Car loans Australia
A car loan is a fixed-term, fixed-rate, secured loan used to purchase a vehicle. The vehicle is used as collateral on the loan, which provides better rates than unsecured personal loans. You can apply for a car loan in Australia with banks, car dealerships, finance brokers or online lenders.
In this guide, you’ll learn:
How car loans work
A car loan - also called car finance or vehicle finance - works in a similar way to a secured personal loan. You borrow an amount of money to finance the purchase of a vehicle, then repay the loan amount - plus interest - over a fixed term to the lender. Repayments can often be negotiated to either weekly, fortnightly or monthly instalments.
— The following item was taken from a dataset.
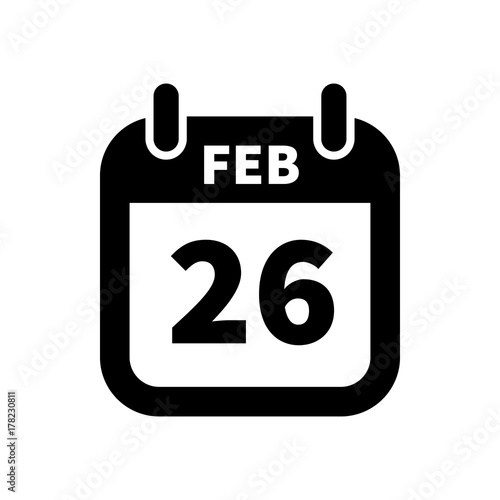 Simple black calendar icon with 26 february date isolated on white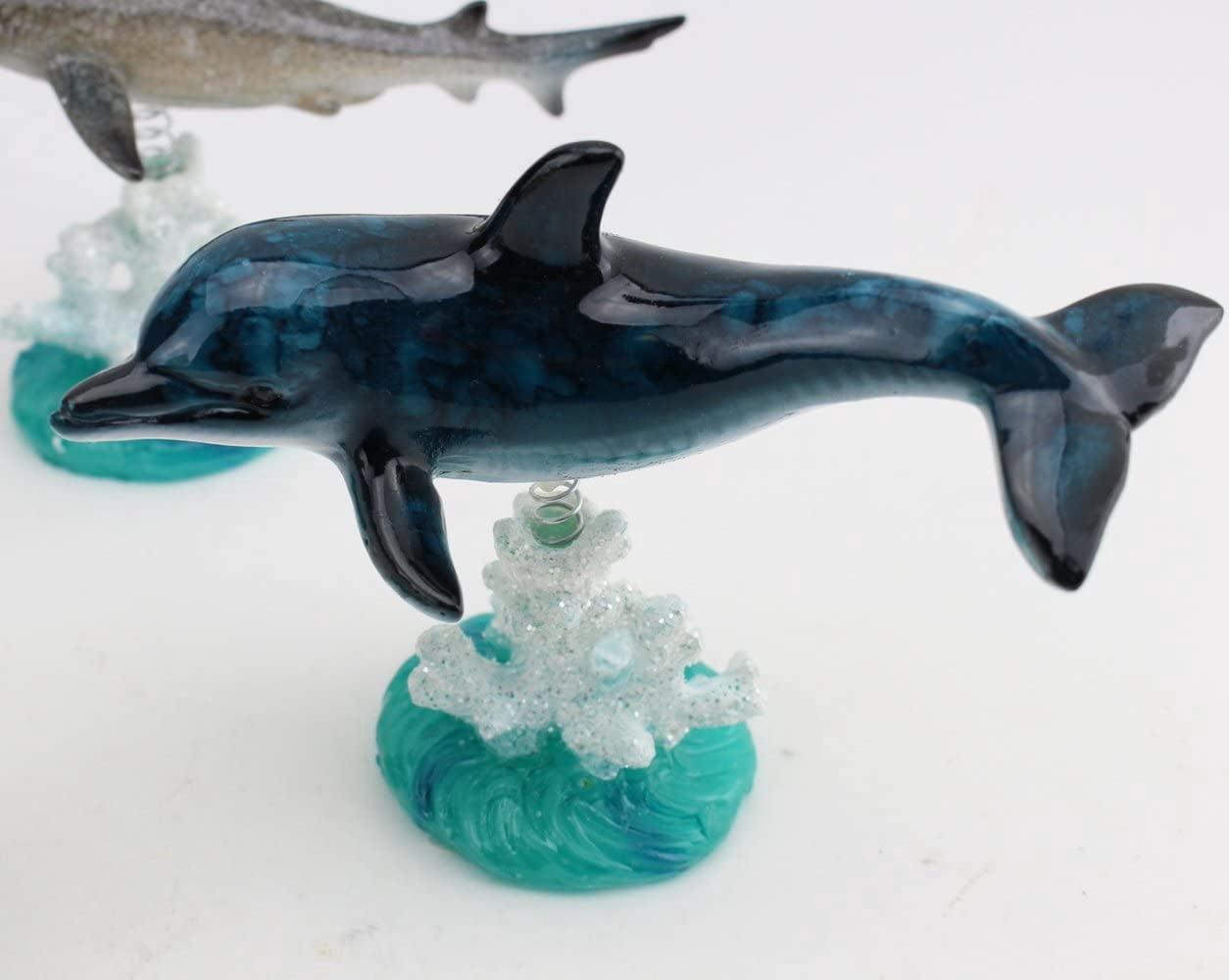 Swimming Sea Creatures On Glazed White Blue Coral Base Statue ~ Dolphin Wiggles Jiggles Sea Creature on Coral Reef Figurine on a Spring Centerpiece Tabletop Decor -D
Secured car loan or personal loan?
The main difference between a secured car loan and a personal loan is that you will use the vehicle you purchase as security on the loan amount, and the amount you can borrow will be relative to the value of the car. A secured car loan will give you a lower rate - and ultimately a better deal - as the risk to the lender is reduced.
Example of car loan vs personal loan
|Car Loan||Personal Loan|
The rate and fees applied to your vehicle finance will vary, depending on the lender, the age of the vehicle, and your personal credit profile.
Compare Car Loans
To compare car loans in Australia, you’ll want to look at which lenders can offer you car finance based on your financial history, and the factors that will influence both your regular and total repayment amounts. Comparing car loans in this way will help you get the best car loan for your personal circumstances.
You can get a car loan in Australia through:
- Car dealerships
- Vehicle finance brokers
- Online car finance lenders
Factors that influence your repayments include:
- Upfront or ongoing fees
- Early repayment penalties
- The lowest car loan rates available
- The length - i.e. term - of your car loan
Secured car loans will generally use a fixed-rate - i.e. the repayment made doesn’t change over the term of the loan. With these loans, you generally cannot make additional repayments or repay the loan earlier than initially agreed.
Car loan lenders compared
Each type of car finance lender in Australia offers a different type of application, assessment, and approval process. Some offer lower rates but slower approval, while others offer higher rates and same-day vehicle finance approval.
Below, you can compare car loans from banks, car dealerships, and vehicle finance brokers. When selecting a lender, it’s important to consider:
- The lowest rates
- The fees and charges
- The likely timeframe in which you will upgrade to your next car
- The loan features you need (such as the capacity for early repayment without penalty)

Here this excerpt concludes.